Trauer erleben fast alle Menschen im Laufe ihres Lebens. Am Arbeitsplatz ist jeder Mensch irgendwann direkt oder indirekt betroffen – etwa wenn ein Angehöriger stirbt oder ein Kollege einen Verlust erleidet. Eine anhaltende, seelisch belastende Trauerstörung entwickelt sich bei etwa 4 bis 10 Prozent der trauernden Menschen.
Trauer kann jede und jeden treffen – unabhängig von Alter, Geschlecht oder Beruf. Besonders stark belastet sind Menschen, die einen nahen Angehörigen durch einen plötzlichen oder gewaltsamen Tod verlieren, sowie Menschen mit wenig sozialer Unterstützung oder mit früheren psychischen Erkrankungen.
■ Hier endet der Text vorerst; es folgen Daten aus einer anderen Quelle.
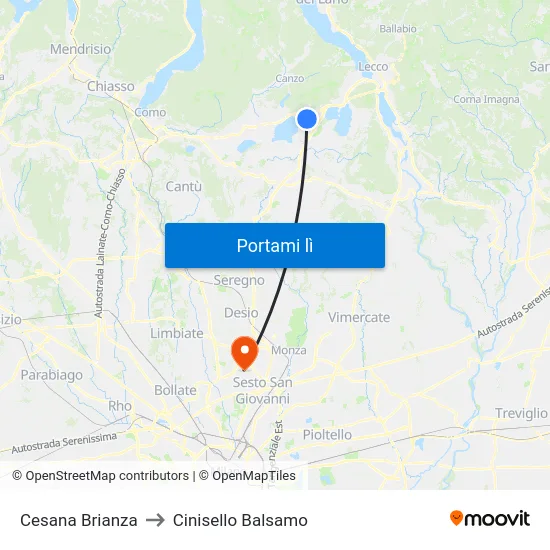 Cesana Brianza to Cinisello Balsamo map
Auch Menschen, die mehrere Verluste in kurzer Zeit erleiden, sind häufiger betroffen.
Symptome
- Wenn Sie oder eine andere Person Gedanken an Selbsttötung haben oder konkrete Pläne, sich das Leben zu nehmen – sofort den Notruf 112 wählen.
- Wenn die Verzweiflung so stark ist, dass die Person nicht mehr weiterleben möchte oder sich selbst verletzen will, ist sofortige Hilfe nötig.
- Bei plötzlichen schweren körperlichen Symptomen wie Brustschmerz, Atemnot oder Bewusstlosigkeit ebenfalls den Notruf 112 wählen.
- ⚠Wenn Sie in den letzten Tagen nach einem Verlust weder essen noch trinken können oder sich völlig bewegungsunfähig fühlen, suchen Sie noch am selben Tag ärztliche Hilfe.
- ⚠Wenn Sie starke Angst haben, allein zu sein, oder sich nicht mehr sicher versorgen können, wenden Sie sich sofort an Ihre Hausärztin, Ihren Hausarzt oder die nächste Notaufnahme.
- ⚠Wenn Sie den Eindruck haben, die Situation nicht mehr aushalten zu können, ist eine zeitnahe fachliche Einschätzung wichtig – zum Beispiel über den ärztlichen Bereitschaftsdienst unter 116 117.
Häufige Symptome
- Tiefe Traurigkeit und häufiges Weinen
- Sehnsucht und starkes Vermissen der verstorbenen Person
- Schlafprobleme, Alpträume oder Schlaflosigkeit
- Konzentrationsschwierigkeiten und Vergesslichkeit
- Antriebslosigkeit und Erschöpfung
- Gereiztheit, Wut oder innere Unruhe
- Körperliche Beschwerden wie Kopfschmerzen, Magenprobleme oder Druck auf der Brust
- Rückzug von Freunden, Kollegen und Aktivitäten
- Schuldgefühle oder Grübeln über die Umstände des Todes
Symptome bei Kindern
- Kinder und Jugendliche zeigen Trauer oft nicht wie Erwachsene. Sie können unruhig, aggressiv oder sehr still werden.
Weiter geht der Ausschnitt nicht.